米韓首脳会談 北非核化めぐる思惑が違う


 米国のバイデン大統領と韓国の文在寅大統領が対面では初めてとなる首脳会談を行い、外交と対話を通じ北朝鮮の完全な非核化を目指すことを確認した。北朝鮮核問題で米韓が足並みを揃(そろ)えてメッセージを出せたことは幸いだ。だが、双方には思惑の違いもあり、非核化進展につなげられるかが問われる。

米朝対話急ぐ文大統領

 会談はバイデン政権が対北政策の見直し作業を完了させた直後に行われた。見直しでは、北朝鮮の完全非核化の見返りに米国が対北制裁を解除する一括妥結方式をトップ同士の決断で行うトランプ政権のやり方や、北朝鮮が非核化措置を実行しない限り対話には応じないオバマ政権の「戦略的忍耐」とは一線を画す方針が打ち出されていた。
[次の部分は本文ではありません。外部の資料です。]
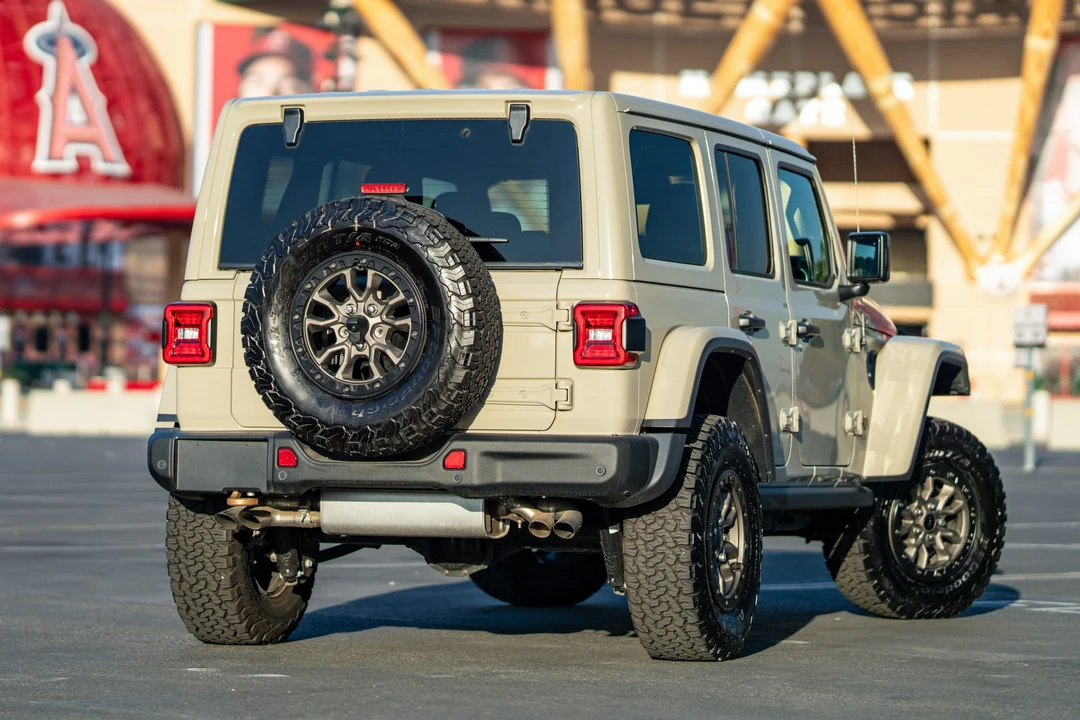 2022 Jeep JL Wrangler - Image 6 of 31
 これと関連し、会談後の共同声明には、バイデン政権が国連による対北制裁の履行を徹底させながら北朝鮮との外交を模索することが記され、文氏もこれを歓迎したという。

 だが、両首脳の思惑が完全に一致していたとは言い難い。バイデン氏にとっては、国際秩序を乱す横暴を繰り返す中国への圧力を強めるため、韓国からの協力を取り付けるのが会談の最優先課題であったはずだ。一方の文氏は求心力低下の中、政権浮揚へ米朝対話を復活させ、南北融和につなげることに執着している。バイデン氏に北朝鮮との対話を促し、実行に移してもらう契機とすることが最大の目的だったのではないか。

 バイデン氏にとって北朝鮮非核化はようやく政策の見直しを終えたばかりであり、何より権謀術数に長けた相手に惑わされないためにもじっくり腰を据えて取り組む問題だ。だが、文氏には時間がない。残り任期1年を切り、駆け込み的にでも米朝、南北の対話を実現させたい。思惑の違いは北朝鮮に付け入る隙を与えるだけだ。

 共同声明には、今後の対北外交について2018年の南北首脳会談での板門店宣言と米朝首脳会談でのシンガポール共同声明に基づいて北非核化を目指すことも盛り込まれた。

 しかし、板門店宣言では非核化の文言がほぼ最後の部分に盛り込まれるにとどまった。シンガポール共同声明も、米国が対北敵対政策を見直し北朝鮮に体制保証をするという内容の後にようやく非核化が登場する。

 可能な限り非核化の議論に応じたくない金正恩朝鮮労働党総書記に配慮した低姿勢には問題がある。これらに基づく対北外交は最初から北朝鮮に主導権を握られる恐れがある。

 共同声明には「台湾海峡の安定」や「クアッド(日米豪印4カ国の枠組み)の重要性」など、文政権が回避したかったはずの中国を刺激する内容が盛り込まれた。

 仮に、その見返りに重大な欠陥が指摘される板門店宣言などを盛り込むことでバイデン政権が譲歩したとすれば問題だ。北非核化を外交上の取引に使うことは断じてあってはならない。

対話重ねても北は抵抗

 国際社会は幾多の対話を重ねてもなお北朝鮮が完全非核化に抵抗してきた現実を見てきた。対話のための対話は非核化を逆に遅らせる。